Handling Overfitting and Underfitting
Overfitting:
- It happens when a model learns the detail and noise in the training data to the extent that it negatively impacts the performance of the model on new data.
Strategies to Handle Overfitting:
- Regularization: Techniques like L1, L2 and Elastic Net regularization regularization are commonly used in linear and
logistic regression. - Pruning: Reducing the depth of the tree(Tree-based models).
- Cross-validation: Using techniques like k-fold cross-validation{dividing the data into multiple parts}.

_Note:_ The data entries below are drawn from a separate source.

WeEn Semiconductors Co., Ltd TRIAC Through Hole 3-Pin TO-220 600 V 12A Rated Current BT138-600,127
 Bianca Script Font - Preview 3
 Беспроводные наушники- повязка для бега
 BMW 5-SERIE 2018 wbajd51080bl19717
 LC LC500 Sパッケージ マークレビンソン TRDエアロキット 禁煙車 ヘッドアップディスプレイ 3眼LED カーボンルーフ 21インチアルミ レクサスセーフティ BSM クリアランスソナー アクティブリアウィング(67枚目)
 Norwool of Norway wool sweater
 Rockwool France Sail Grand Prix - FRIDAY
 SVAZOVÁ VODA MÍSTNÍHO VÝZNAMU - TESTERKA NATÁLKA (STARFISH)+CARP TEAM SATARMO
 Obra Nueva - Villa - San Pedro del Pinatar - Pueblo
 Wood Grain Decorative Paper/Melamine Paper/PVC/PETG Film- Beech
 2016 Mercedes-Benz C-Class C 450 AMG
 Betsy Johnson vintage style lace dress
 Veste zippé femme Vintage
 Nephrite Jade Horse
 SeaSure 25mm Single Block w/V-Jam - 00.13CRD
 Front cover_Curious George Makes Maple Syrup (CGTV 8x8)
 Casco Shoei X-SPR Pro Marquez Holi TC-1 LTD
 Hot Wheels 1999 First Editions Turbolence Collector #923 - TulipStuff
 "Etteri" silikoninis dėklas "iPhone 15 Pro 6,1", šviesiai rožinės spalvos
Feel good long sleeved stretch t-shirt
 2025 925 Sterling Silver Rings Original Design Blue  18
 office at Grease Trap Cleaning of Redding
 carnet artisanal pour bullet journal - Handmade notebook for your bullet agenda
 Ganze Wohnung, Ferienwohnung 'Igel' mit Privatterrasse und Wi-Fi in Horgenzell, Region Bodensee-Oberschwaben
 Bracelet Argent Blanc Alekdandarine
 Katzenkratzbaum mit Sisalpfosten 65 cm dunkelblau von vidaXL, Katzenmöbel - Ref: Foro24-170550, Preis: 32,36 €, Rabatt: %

- Ensemble Methods: Techniques like bagging and boosting reduce variance and bias.
- Dropout: Used in neural networks to randomly drops out a certain number of neurons from the network during each iteration of training.
Underfitting:
- It happens when a model is too simple to learn the underlying pattern of the data and fails to capture the underlying trend.
Strategies to Handle Underfitting:
- Increasing Model Complexity, Feature Engineering, Decreasing Regularization etc.
Note:
- Choosing the right model and techniques depends greatly on the nature of the data and the specific requirements of the application. Always start with simple!!!